As Above, So Below (2014)
''As Above, So Below'' film konusu
‘’As Above, So Below’’, Türkiye’de ‘’Derin Kabus’’ ismiyle vizyona girmiş 2014 yapımı, oldukça kaliteli işlenmiş ve bittikten sonra bile uzun süre aklınızda yer edinebilecek bir psikolojik korku filmi. Daha öncesinde de bir çok korku ve gerilim yapımına imza atmış olan John Erick Dowdle ve Drew Dowdle tarafından yazılmış ve John Erick Dowdle’nin yönetmenliğini üstlendiği bu yapımın başrollerinde Perdita Weeks ve Ben Feldman yer alıyor.

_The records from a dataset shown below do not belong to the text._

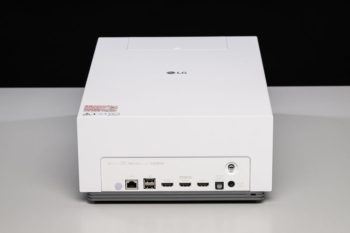 LG HU710PW Ansicht hinten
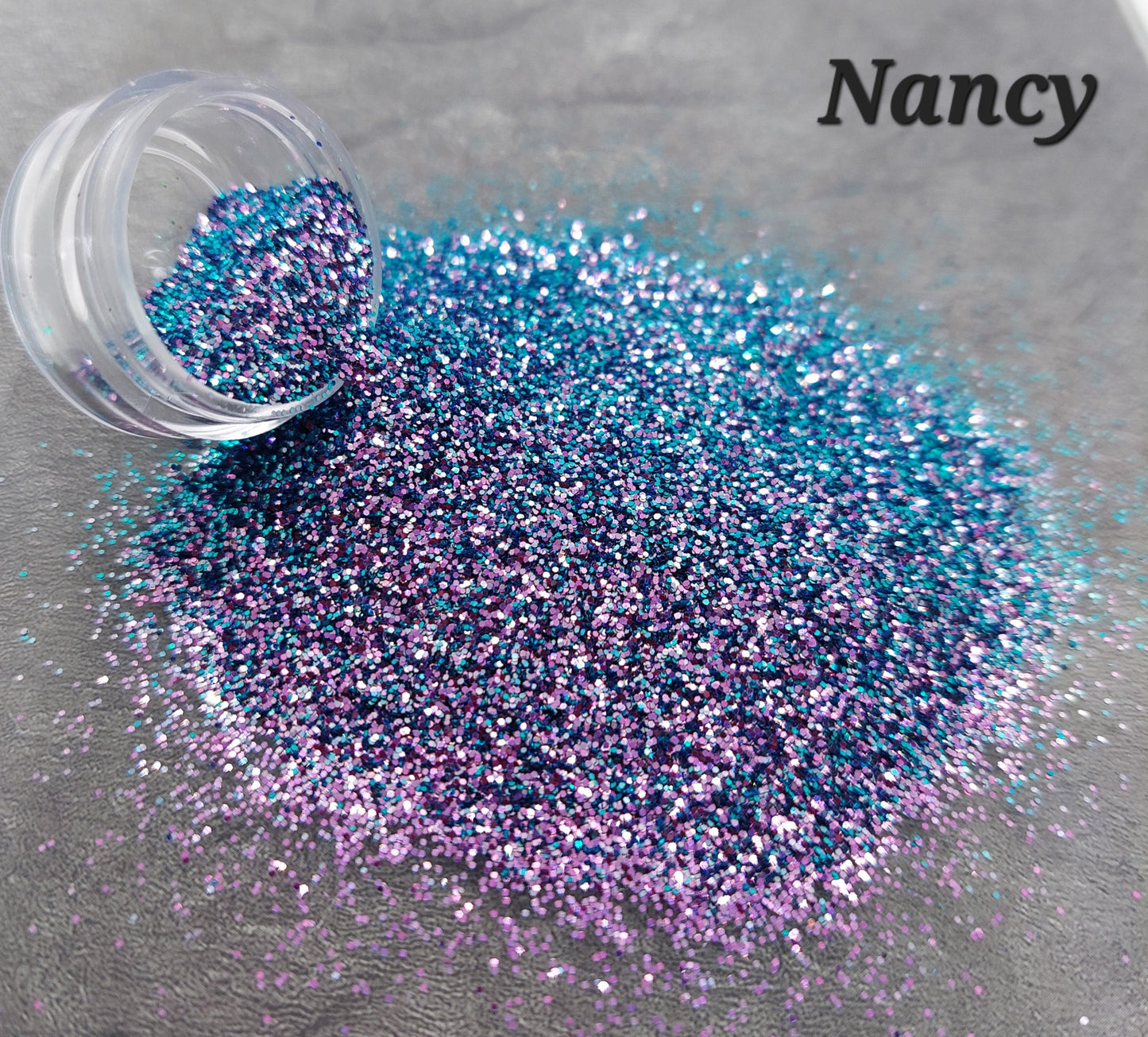 Nancy - Chameleon colour shift fine craft glitter - 10g bag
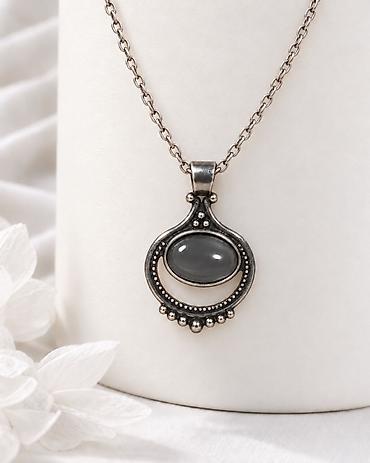 suveniri: Boho ogrlica – talisman za smirenje Za one kojima prija da uz sebe — 2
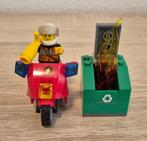 LEGO City Brandweermotor - 60000, Ophalen of Verzenden, Gebruikt, Complete set, Lego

Profesyonel veya amatör, paranormal veya gerçekçi olarak ayırt etmeksizin çoğu korku filmine şans vermeye çalışan biri olarak şunu rahatlıkla söyleyebilirim ki ‘’Derin Kabus’’ en sevdiğim ve keyif aldığım korku filmleri arasında kesinlikle ilk sıralarda yer alıyor. 10 yıl önce çıkmış olmasına rağmen, günümüzdeki çoğu gerilim yapımını geride bırakmayı başaran bu filmi övmeyi bırakıp biraz filmden bahsetmek, sonrasında da izleme keyfini size bırakmak istiyorum.
Öncelikle, ''As Above, So Below'' found footage tarzında çekilmiş bir film, yani olaylar bir karakterin kamera kayıtları üzerinden ilerliyor. Bana kalırsa korku filmleri için tercih edilebilecek en ideal çekim yöntemlerinden biri bu, çünkü nabzı yükselten o gerilim dolu anları sanki filmden bir karaktermişizcesine, birinci şahıs olarak deneyimleme şansını bize sunuyor found footage yöntemi.
Filmin Konusu
Film, genç ve başarılı bir arkeolog olan Scarlet Marlowe’nin (Perdita Weeks), babasının hayatını adadığı bir araştırmaya devam etme isteği üzerine odaklanıyor: Nicolas Flamel’in Felsefe Taşı ve bu taşın barındırdığı gizemler.
Edindiği çeşitli ipuçlarına göre Scarlet’in aradığı bu hazine, Paris’in tam altında yer alan ve yaklaşık 6 milyon cesedi barındırdığı düşünülen yeraltı mezarlarında saklanıyor. Konu, istediğini elde etmek olduğunda oldukça hırslı ve korkusuz bir kişiliğe sahip olan ana karakterimiz, Felsefe Taşı’na ulaşmak ve babasının ömrünü adadığı bu gizemi çözmek uğruna, sayısız tehlike içeren yeraltı mezarlarına girmek için gözünü karartıyor ve kendine bir ekip toplayarak, Paris’in gizemli ve karanlık tünellerinde, tekinsiz bir yolculuğa çıkıyor.
Macera dolu ve eğlenceli bir hazine avına çıkmayı bekleyen ekip için işler hiç de umdukları gibi gitmiyor. Yeraltı mezarlarına adımlarını attıklarını andan itibaren, etraflarındaki her şey tüyler ürpertici bir hal almaya ve durum her dakika daha da kötüleşmeye devam ederken, ekran başındaki izleyici de bu gerilimin her saniyesini iliklerinde hissediyor. Ekipteki her bir karakterin, en derin kabusları ve yıllardır peşlerini bırakmayan günahları, en dehşet verici şekilde tek tek gün yüzüne çıkarken, gerçeklik ile deliliğin sınırı ise gittikçe bulanıklaşmaya başlıyor.
Eğer psikolojik korku türüne ilginiz varsa, kesinlikle izlemenizi önerdiğim bir yapım. İyi seyirler!